━━━━━ DATA IN THIS EXERCISE

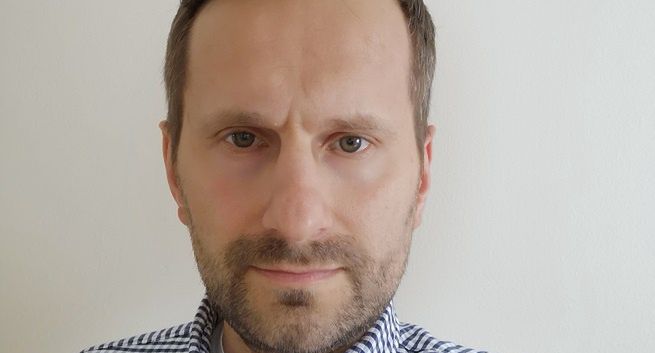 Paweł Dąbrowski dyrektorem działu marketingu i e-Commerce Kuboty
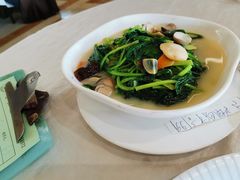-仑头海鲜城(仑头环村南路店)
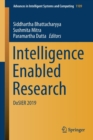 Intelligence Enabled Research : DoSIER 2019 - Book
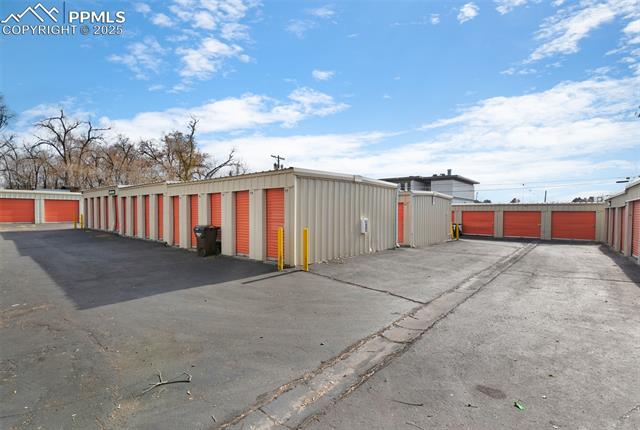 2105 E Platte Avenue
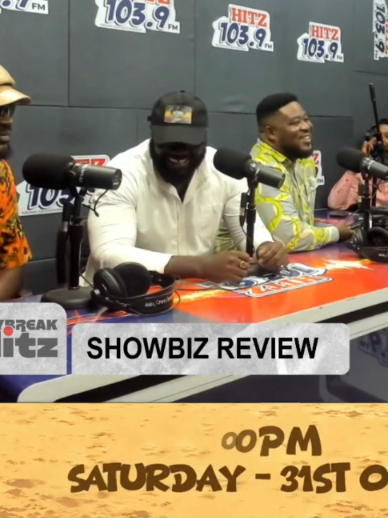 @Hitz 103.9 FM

━━━━━━━━━━
━━━━━ DATA IN THIS EXERCISE

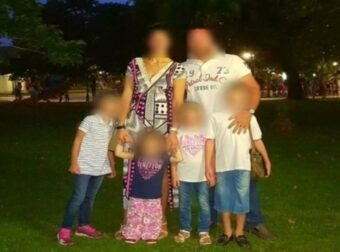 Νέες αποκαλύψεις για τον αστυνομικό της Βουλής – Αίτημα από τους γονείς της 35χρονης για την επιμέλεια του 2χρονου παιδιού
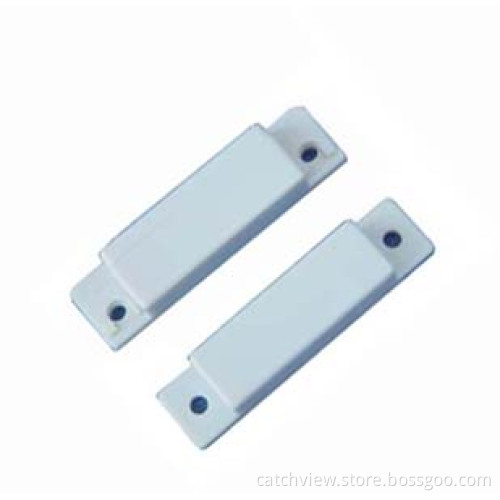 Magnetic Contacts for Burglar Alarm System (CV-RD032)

━━━━━━━━━━
━━━━━ DATA IN THIS EXERCISE

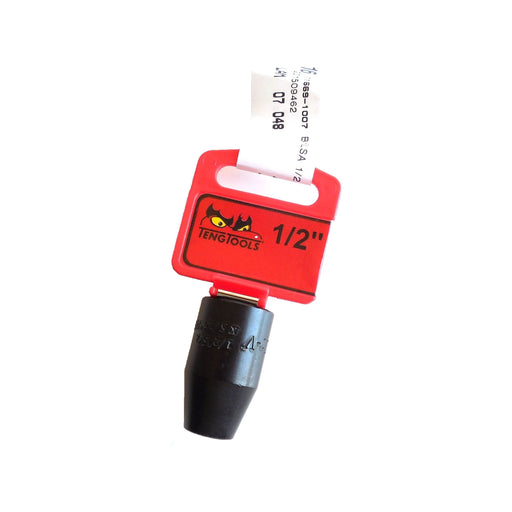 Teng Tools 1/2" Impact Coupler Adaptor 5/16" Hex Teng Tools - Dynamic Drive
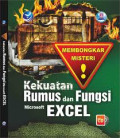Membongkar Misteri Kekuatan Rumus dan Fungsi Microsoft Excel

━━━━━━━━━━

WORK TO COMPLETE. Within the material above, find the part that opens with the line containing "Νέες αποκαλύψεις για" and closes with the line containing "Magnetic Contacts for", and reproduce it exactly without the pictures.

RESPONSE TO THE TASK.
 Νέες αποκαλύψεις για τον αστυνομικό της Βουλής – Αίτημα από τους γονείς της 35χρονης για την επιμέλεια του 2χρονου παιδιού
 Magnetic Contacts for Burglar Alarm System (CV-RD032)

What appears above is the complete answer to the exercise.